Steven I. Fleishman - Wolfe Research, LLC:
So this might be for Gary. Just in terms of your balance sheet and credit metrics, where would you say you are right now? And would you say you've got a decent amount of room to maybe even either stay where you are or add leverage where you are if you see kind of another round of opportunities beyond what you're already doing?
Gary L. Whitlock:
Steve, it's a good question. We do have some financial flexibility. As you know, we worked a number of years to ensure we had that financial flexibility. As I gave you in our earnings guidance, we -- even with our capital program this year, our share count will remain the same. To the extent we have significant capital above and beyond, we could certainly raise equity. We'd love to have the opportunity for even a larger transaction to do so. But having said that, the short answer is yes, we do have some leverage capacity, and we'll use it judiciously. But our credit ratings are important to us, and we're going to, obviously, always do the things to defend those. But we're going to do those in a very thoughtful way, and we do have capacity.
Steven I. Fleishman - Wolfe Research, LLC:
Okay. And just -- sorry to harp on this transmission line question, who was the other party? You might have said this and I missed it.
Gary L. Whitlock:
There were 2 other parties designated by the Texas Municipal Power Agency, and they were the city of Garland, Texas; and Cross Texas Transmission company.

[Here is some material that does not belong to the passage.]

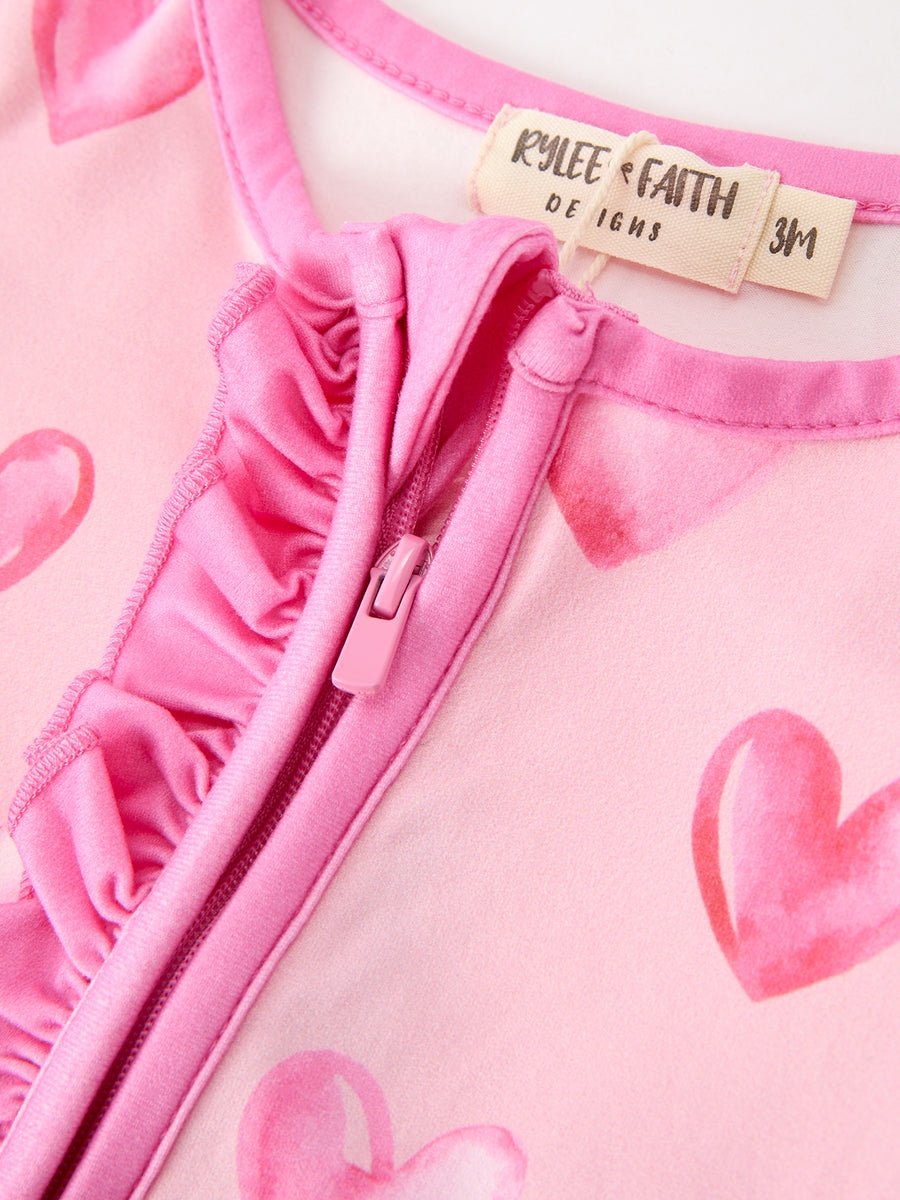 Valentine’s Day Baby Girls Pink Heart Print Ruffle Footed Romper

Steven I. Fleishman - Wolfe Research, LLC:
Okay. So they would be -- the both of them together would be the other party, essentially?
Gary L. Whitlock:
Correct.
Steven I. Fleishman - Wolfe Research, LLC:
Okay. And if you got all of this, you would get all the $600 million?
Gary L. Whitlock:
$600 million, less the cost of upgrading the intermediate substation, which is called Gibbons Creek. That's approximately $10 million.

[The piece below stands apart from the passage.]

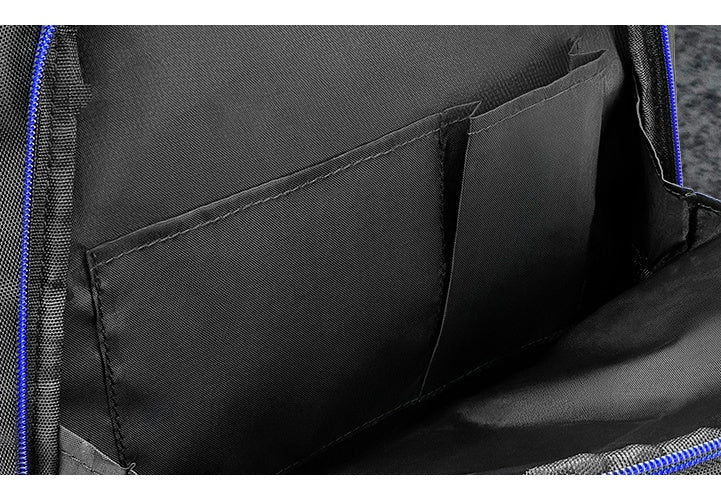 Xtech XTB-211 Mochila para laptop- 15.6" - Poliéster - Color Negro con detalles en azul - Bolsillo frontal para accesorios con organizador interior - Bolsillo de malla laterales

Steven I. Fleishman - Wolfe Research, LLC:
Okay, okay. I guess, I remember a number of like $390 million at one point from you, but that might have been something different.
Scott M. Prochazka:
Steve, at one point, we were looking at a series of potential projects that could be selected. And the range of projects at the time had costs that went from, on the low end, probably, the $390 million up to even above $600 million. So that created variability. And then there's just then this issue around what the split would be of the investment was another aspect of variability in there. So $390 million was probably a viable number for one of the options at one point in the process.
Carla Kneipp:
At this time, we do not have any additional questions. We will end the call. Thank you very much for participating today. We appreciate your support, and have a nice day.
Operator:
This concludes CenterPoint Energy's first quarter 2014 earnings conference call. Thank you for your participation.